Mr. Speaker, that would underpin my entire approach to saying that the Canadian government must list the Iranian Revolutionary Guard Corps as a terrorist entity. As all studies have shown in this regard, as I mentioned in my remarks, the IRGC has emerged as the epicentre of the fourfold Iranian threat that I described and is particularly engaged both in the matter of nuclear proliferation and international terrorism. Should it be characterized as a military organization rather than as the terrorist entity it is, then it could somehow find a loophole to be protected against the application of this legislation.
In that regard, we must therefore move with all deliberate speed, which I have been suggesting for years, to list the IRGC as a terrorist entity under Canadian law. In fact, when the Canadian government closed the embassy in Iran, I listed four initiatives that could have been taken, apart from closing the embassy, which would have had compelling impact: number one, listing the IRGC as a terrorist entity; number two, holding Iran accountable for its state-sanctioned incitement to genocide; number three, holding to sanction those engaged in massive human rights violations; and number four, engaging, as I said, in a much more active way in combatting the nuclear proliferation program in Iran.

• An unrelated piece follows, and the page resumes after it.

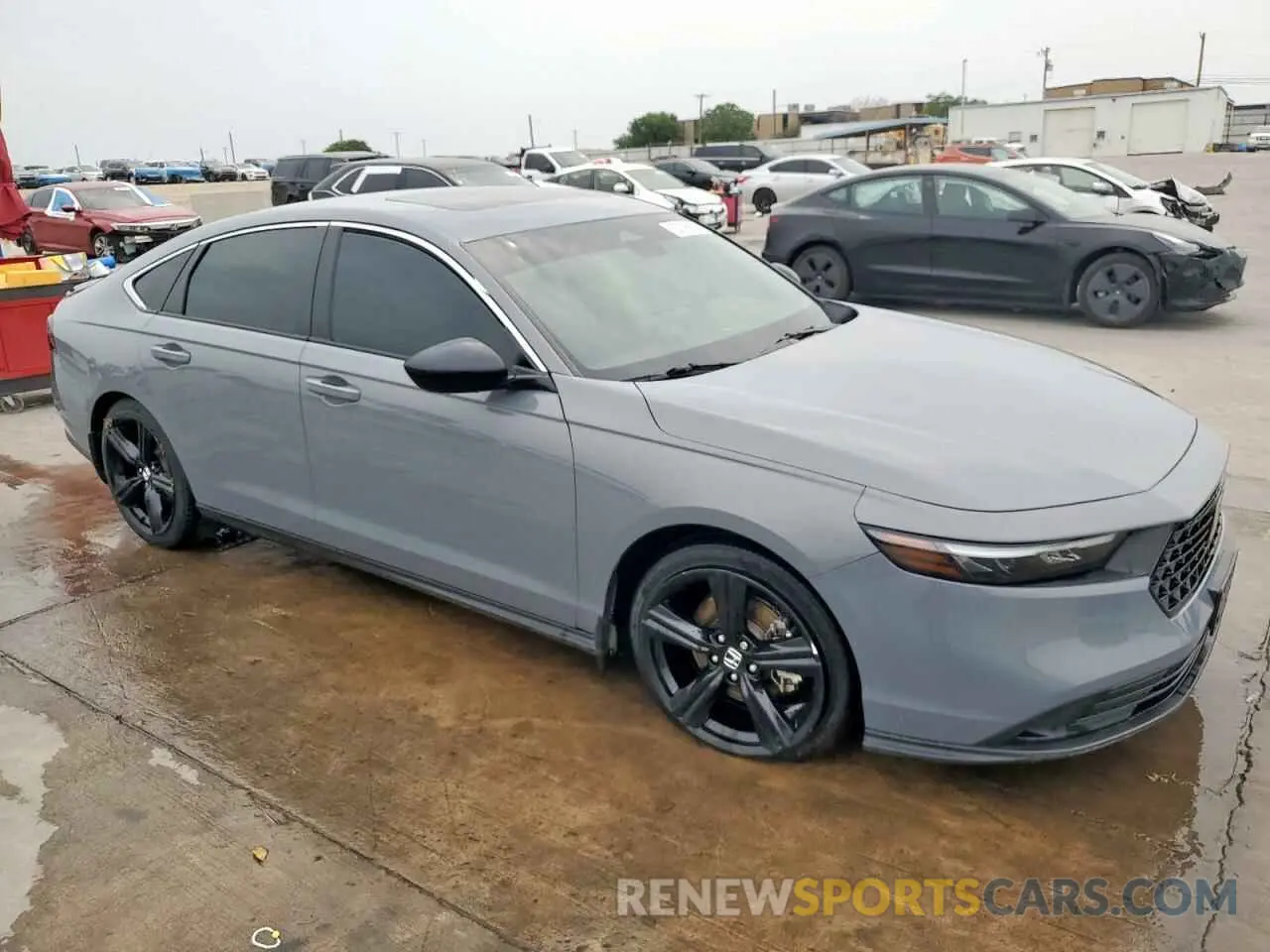 4 fotografías del automóvil dañado 1HGCY2F55PA017872 HONDA ACCORD 2023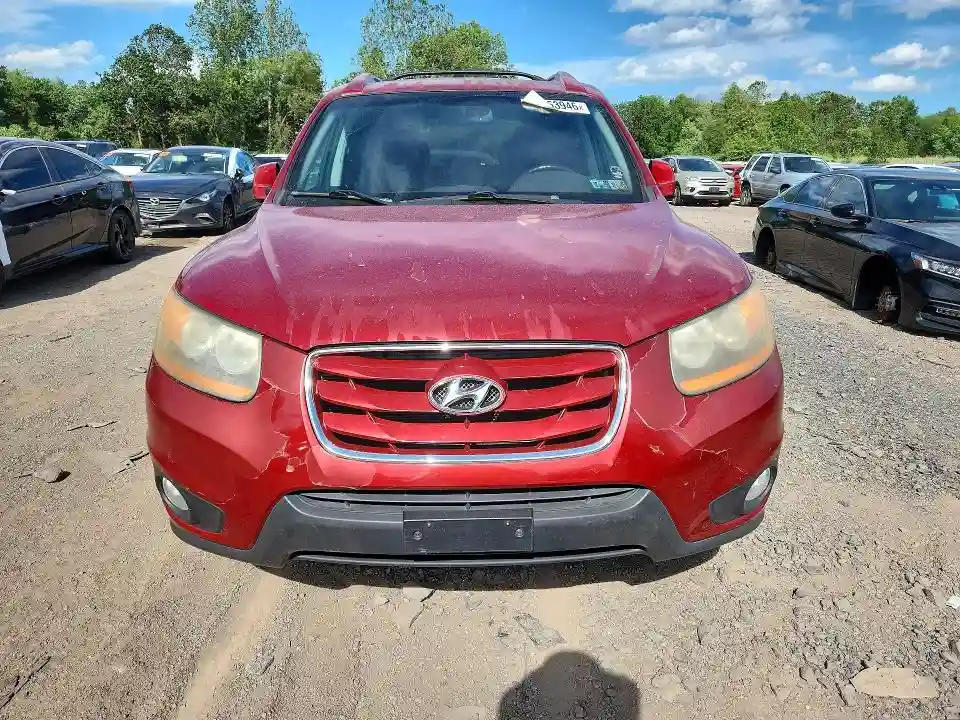 5XYZHDAG3BG003815 2011 HYUNDAI SANTA FE-4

Those are the activities we still must undertake, and they are more important than the issues of simply closing the embassy in Iran because they would have substantive effect in terms of our combatting overall the fourfold threat that Iran represents, in particular its nuclear proliferation threat that is underpinned by its genocidal incitement threat, as well as its international terrorist conduct, in which not only the Iranian Revolutionary Guard Corps but its terrorist proxy Hezbollah also has been engaged. While we have put Hezbollah on the terrorist list, we might encourage our European counterparts to do the same.